Neither Volpe nor Chernov could be reached for comment. Earlier this month, Volpe said on Twitter that he was “on sabbatical” during July.

Jay Acunzo, a former HubSpot marketing employee, said Volpe was known as a fierce advocate of the workers in his department.

“For Mike to do something that would lead to this result, I feel like there were probably rumors swirling around this book that were focused on not just him,” Acunzo said. “Mike’s a very driven, bulldog executive. The thing that really fires him up is the team.”

HubSpot’s stock only dropped by about 1 percent in Thursday’s trading, showing that investors weren’t terribly worried about the company’s internal problems.

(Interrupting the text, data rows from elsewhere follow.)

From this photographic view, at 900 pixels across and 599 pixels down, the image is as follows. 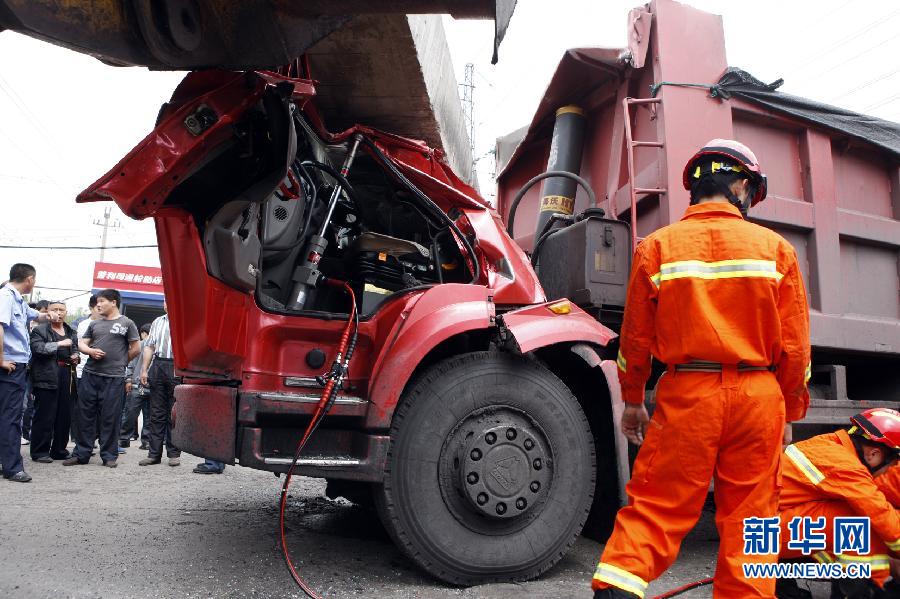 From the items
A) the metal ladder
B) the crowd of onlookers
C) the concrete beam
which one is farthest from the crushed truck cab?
the crowd of onlookers

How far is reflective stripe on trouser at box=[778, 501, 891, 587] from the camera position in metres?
2.63

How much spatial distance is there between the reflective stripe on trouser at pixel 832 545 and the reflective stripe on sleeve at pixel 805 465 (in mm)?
109

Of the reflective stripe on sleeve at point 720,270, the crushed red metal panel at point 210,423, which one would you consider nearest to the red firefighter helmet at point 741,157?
the reflective stripe on sleeve at point 720,270

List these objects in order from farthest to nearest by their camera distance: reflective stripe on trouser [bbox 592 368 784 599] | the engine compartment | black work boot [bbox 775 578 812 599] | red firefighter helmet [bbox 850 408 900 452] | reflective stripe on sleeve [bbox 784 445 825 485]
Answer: red firefighter helmet [bbox 850 408 900 452] < reflective stripe on sleeve [bbox 784 445 825 485] < black work boot [bbox 775 578 812 599] < the engine compartment < reflective stripe on trouser [bbox 592 368 784 599]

The explanation of Volpe’s firing certainly was odd, said Brent Thill, an analyst who covers HubSpot for UBS AG. “Covering software for 20 years, I’ve never seen a book thief get fired from a company,” Thill said.

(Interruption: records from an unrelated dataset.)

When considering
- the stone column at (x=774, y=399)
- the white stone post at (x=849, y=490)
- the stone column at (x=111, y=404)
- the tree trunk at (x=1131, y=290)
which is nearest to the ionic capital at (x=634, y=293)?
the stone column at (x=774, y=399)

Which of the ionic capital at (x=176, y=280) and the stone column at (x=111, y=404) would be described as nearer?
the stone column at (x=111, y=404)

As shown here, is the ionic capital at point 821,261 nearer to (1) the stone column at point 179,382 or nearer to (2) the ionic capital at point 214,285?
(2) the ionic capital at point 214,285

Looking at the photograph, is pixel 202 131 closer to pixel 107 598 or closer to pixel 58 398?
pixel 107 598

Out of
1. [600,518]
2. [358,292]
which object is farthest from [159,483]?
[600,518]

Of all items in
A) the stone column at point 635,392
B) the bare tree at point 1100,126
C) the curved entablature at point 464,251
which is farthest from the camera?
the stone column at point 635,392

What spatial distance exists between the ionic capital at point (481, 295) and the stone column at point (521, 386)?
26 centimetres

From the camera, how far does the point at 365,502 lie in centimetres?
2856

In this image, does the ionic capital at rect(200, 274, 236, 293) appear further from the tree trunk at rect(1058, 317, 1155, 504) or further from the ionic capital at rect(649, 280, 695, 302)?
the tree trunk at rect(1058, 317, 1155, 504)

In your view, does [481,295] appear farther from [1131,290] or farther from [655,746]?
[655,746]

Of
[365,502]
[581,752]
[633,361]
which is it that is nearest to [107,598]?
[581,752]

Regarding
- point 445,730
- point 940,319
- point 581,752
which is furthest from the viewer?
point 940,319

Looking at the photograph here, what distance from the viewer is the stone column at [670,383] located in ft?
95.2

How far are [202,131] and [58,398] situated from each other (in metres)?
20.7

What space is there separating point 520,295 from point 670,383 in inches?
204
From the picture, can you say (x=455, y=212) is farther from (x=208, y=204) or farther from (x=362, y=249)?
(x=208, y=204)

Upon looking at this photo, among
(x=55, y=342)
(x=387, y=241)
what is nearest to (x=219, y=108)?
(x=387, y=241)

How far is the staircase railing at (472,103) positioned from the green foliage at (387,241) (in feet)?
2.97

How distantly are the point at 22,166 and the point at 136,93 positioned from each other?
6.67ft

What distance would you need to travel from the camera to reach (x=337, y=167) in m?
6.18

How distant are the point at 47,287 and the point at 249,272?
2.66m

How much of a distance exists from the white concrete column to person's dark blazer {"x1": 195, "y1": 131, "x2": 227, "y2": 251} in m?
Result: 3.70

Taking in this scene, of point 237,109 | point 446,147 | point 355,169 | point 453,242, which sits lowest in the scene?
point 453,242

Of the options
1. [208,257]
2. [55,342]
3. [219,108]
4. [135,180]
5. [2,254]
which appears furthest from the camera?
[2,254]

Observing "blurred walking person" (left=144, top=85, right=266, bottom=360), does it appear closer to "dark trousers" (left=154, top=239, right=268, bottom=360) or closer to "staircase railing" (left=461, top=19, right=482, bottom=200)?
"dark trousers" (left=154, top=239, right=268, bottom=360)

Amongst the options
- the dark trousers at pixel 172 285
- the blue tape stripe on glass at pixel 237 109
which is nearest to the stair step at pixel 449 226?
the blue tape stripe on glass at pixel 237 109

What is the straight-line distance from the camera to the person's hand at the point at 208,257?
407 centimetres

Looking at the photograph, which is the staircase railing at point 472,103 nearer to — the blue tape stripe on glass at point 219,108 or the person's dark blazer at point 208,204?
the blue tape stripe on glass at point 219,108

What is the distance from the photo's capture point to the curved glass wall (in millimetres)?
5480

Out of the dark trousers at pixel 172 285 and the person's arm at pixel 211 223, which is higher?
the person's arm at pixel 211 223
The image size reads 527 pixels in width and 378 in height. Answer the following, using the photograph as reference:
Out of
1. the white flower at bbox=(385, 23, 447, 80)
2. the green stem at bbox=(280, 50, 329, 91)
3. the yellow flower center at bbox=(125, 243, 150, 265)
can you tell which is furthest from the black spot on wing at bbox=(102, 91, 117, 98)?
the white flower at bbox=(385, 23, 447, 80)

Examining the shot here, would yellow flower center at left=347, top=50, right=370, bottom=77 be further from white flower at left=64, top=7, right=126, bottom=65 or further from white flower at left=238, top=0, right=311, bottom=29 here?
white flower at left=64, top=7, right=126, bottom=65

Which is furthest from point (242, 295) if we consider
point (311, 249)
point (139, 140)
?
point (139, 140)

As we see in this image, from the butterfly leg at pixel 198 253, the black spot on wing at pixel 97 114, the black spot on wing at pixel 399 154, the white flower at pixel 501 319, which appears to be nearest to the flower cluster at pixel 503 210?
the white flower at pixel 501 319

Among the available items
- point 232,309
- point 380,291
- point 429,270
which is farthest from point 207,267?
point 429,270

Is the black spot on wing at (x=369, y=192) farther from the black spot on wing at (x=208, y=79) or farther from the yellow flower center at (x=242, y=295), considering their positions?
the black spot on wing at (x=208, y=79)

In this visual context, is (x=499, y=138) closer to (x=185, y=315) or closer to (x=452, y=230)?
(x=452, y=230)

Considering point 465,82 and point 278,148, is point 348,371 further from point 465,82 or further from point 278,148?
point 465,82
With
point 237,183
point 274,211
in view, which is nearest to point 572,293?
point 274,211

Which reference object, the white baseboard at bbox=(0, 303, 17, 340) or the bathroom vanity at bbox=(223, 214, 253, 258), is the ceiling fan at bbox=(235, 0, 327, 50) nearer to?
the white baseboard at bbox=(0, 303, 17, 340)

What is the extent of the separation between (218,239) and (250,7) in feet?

Although Volpe had been at the company for years and was a high-profile executive, the reality for investors is that the marketing chief “doesn’t really touch the cash register,” Thill said. “I didn’t have one single call from an investor on it.”

“It’s a human interest story. It’s not really a stock-market story,” said Richard Davis, an analyst who covers HubSpot for Canaccord Genuity Inc.

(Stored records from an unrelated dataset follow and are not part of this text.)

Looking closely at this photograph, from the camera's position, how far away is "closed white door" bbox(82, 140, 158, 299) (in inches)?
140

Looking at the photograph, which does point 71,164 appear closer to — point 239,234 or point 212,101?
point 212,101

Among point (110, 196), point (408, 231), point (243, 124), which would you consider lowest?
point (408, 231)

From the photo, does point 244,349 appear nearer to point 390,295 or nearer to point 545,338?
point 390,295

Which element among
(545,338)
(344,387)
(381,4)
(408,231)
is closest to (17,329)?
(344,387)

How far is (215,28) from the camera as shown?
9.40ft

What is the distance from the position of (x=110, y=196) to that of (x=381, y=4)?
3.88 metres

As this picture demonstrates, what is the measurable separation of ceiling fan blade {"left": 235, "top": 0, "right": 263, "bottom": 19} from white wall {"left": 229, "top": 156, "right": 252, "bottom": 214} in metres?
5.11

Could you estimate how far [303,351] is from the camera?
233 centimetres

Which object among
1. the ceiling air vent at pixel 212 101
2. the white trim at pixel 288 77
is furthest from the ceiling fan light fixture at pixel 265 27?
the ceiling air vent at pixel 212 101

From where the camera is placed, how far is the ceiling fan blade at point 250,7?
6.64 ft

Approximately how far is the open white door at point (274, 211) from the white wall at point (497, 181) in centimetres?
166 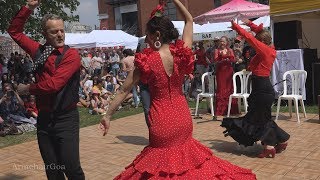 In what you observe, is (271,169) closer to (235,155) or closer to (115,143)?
(235,155)

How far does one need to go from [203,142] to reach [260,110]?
4.67 feet

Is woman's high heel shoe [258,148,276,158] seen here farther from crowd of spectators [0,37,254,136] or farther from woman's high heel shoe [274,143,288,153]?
crowd of spectators [0,37,254,136]

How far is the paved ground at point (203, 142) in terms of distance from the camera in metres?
5.32

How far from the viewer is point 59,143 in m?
3.51

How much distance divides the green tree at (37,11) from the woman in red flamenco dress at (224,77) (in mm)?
9750

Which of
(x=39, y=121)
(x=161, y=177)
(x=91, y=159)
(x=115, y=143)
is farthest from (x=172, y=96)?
(x=115, y=143)

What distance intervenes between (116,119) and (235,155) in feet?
15.7

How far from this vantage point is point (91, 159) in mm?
6316

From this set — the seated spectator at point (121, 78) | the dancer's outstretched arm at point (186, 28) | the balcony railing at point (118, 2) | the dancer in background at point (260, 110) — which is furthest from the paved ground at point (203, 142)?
the balcony railing at point (118, 2)

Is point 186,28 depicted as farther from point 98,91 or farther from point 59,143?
point 98,91

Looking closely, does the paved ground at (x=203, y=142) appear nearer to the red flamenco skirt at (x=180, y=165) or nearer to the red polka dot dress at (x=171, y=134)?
the red flamenco skirt at (x=180, y=165)

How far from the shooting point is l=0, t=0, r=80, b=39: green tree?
1731 cm

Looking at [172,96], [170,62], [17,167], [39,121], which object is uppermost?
[170,62]

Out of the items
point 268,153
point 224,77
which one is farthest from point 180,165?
point 224,77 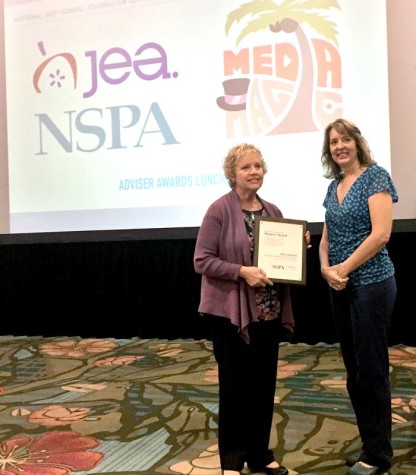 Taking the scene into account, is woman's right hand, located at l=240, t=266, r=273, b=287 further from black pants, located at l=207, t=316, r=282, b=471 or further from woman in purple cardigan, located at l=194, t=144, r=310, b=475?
black pants, located at l=207, t=316, r=282, b=471

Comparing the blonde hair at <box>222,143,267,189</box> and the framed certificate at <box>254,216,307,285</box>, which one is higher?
the blonde hair at <box>222,143,267,189</box>

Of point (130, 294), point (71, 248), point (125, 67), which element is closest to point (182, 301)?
point (130, 294)

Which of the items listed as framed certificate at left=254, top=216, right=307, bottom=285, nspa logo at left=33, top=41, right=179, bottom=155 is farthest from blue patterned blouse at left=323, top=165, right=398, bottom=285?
nspa logo at left=33, top=41, right=179, bottom=155

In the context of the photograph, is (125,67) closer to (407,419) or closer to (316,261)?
(316,261)

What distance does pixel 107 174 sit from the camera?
4234 mm

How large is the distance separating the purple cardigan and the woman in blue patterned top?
0.22 meters

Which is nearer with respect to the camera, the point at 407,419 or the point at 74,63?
the point at 407,419

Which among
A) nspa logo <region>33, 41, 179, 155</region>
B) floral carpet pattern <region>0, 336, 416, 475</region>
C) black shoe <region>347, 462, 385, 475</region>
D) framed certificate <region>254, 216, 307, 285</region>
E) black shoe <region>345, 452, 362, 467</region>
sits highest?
nspa logo <region>33, 41, 179, 155</region>

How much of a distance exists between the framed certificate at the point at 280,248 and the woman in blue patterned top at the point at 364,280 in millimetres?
110

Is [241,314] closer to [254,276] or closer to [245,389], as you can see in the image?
[254,276]

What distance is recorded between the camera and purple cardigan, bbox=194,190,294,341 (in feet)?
5.95

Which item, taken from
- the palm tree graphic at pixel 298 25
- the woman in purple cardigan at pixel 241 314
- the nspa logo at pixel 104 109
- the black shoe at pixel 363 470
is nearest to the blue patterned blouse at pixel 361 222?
the woman in purple cardigan at pixel 241 314

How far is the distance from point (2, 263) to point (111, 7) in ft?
7.47

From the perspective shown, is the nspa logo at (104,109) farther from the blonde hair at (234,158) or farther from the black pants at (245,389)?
the black pants at (245,389) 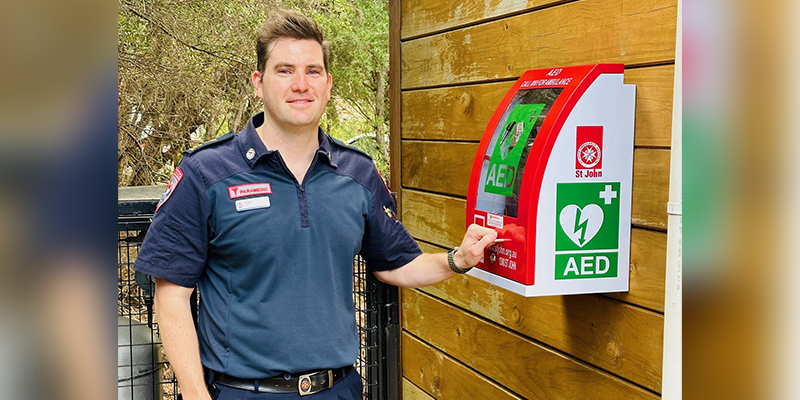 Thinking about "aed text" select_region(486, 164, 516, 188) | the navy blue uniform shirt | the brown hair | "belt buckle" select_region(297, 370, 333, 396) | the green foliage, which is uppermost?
the green foliage

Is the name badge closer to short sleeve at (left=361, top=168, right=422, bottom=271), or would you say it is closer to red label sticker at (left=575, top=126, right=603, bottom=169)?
short sleeve at (left=361, top=168, right=422, bottom=271)

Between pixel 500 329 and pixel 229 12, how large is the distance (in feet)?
22.4

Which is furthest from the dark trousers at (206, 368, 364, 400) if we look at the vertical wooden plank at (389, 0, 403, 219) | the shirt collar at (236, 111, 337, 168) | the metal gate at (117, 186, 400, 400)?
the vertical wooden plank at (389, 0, 403, 219)

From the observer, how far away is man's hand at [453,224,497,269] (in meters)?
1.78

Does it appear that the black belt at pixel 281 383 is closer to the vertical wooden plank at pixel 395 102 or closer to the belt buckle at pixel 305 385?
the belt buckle at pixel 305 385

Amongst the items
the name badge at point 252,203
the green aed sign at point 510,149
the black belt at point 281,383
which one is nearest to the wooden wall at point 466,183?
the green aed sign at point 510,149

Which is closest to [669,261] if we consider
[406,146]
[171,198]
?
[171,198]

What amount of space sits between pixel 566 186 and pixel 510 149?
184 mm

HubSpot is scheduled to report its latest quarterly earnings on Aug. 6.

The book in question is being written by Dan Lyons, an author and writer who once worked under Volpe at HubSpot. A blurb promoting his book said that “Disrupted: My Misadventure in the Start-Up Bubble” would follow Lyons’s life after losing a job at Newsweek:

“One tech company, flush with $100 million, offered a pile of stock options. What could go wrong? His new employer made the world a better place … by selling email spam. The office vibe was frat house meets cult compound: Shower pods became hook-up dens; Nerf gun fights broke out at lunch; and absent bosses specialized in cryptic, jargon-filled emails.”

Lyons is well-known for a bombastic, free-wheeling writing style — he gained fame as the author of Fake Steve Jobs, a blog that parodied the late Apple co-founder’s famously hard-driving persona. Lyons also has worked as a writer on HBO’s “Silicon Valley,” which lampoons the excesses of tech-industry culture. He also had short stints as an editor at tech publications ReadWrite and Valleywag.

Acunzo said the kind of freewheeling company culture described in Lyons’ book blurb wouldn’t surprise most people in the tech world, where workers tend to be young and offices are stocked with beer taps.

“Anybody who’s in tech would read that description and say ‘Yeah, obviously,'” Acunzo said. “One of the things that Dan was always amazed by, working with him, was how much authority and responsibility 20-somethings had internally. He would always comment about that to me.”

Michelle Aielli, a spokeswoman for Lyons’s publisher, Hachette, said the company was unaware of what had happened at HubSpot. “We have no further knowledge of the events reported this week and have nothing to add to the story,” she said in an e-mail.

HubSpot said that its investigation into Volpe’s and Chernov’s actions was conducted by its board, the company’s in-house legal counsel, and an outside legal firm.

It declined to reveal the details of that investigation, and said that knowledge of “the circumstances under which Mike and Joe sought to obtain the manuscript” is limited to a small number of HubSpot employees, spokeswoman Laura Moran said in an e-mailed statement.

Keith Frankel, who was formerly HubSpot’s creative director, said Lyons’ hiring was likely a bad combination from the beginning. As a writer and cultural critic, Lyons’ personality didn’t fit with the enthusiastic company culture that Volpe was key in developing, said Frankel, who now works at Boston startup Firecracker.

“HubSpot is a very polarizing environment. To some, it’s the greatest place they’ve ever worked. They view their time there with the utmost fondness and they’re very close with the people they worked with,” Frankel said. “To others, it more closely resembles Jonestown. I think the truth is likely somewhere in the middle.”

Updated 4:50 p.m. with additional detail and quotes.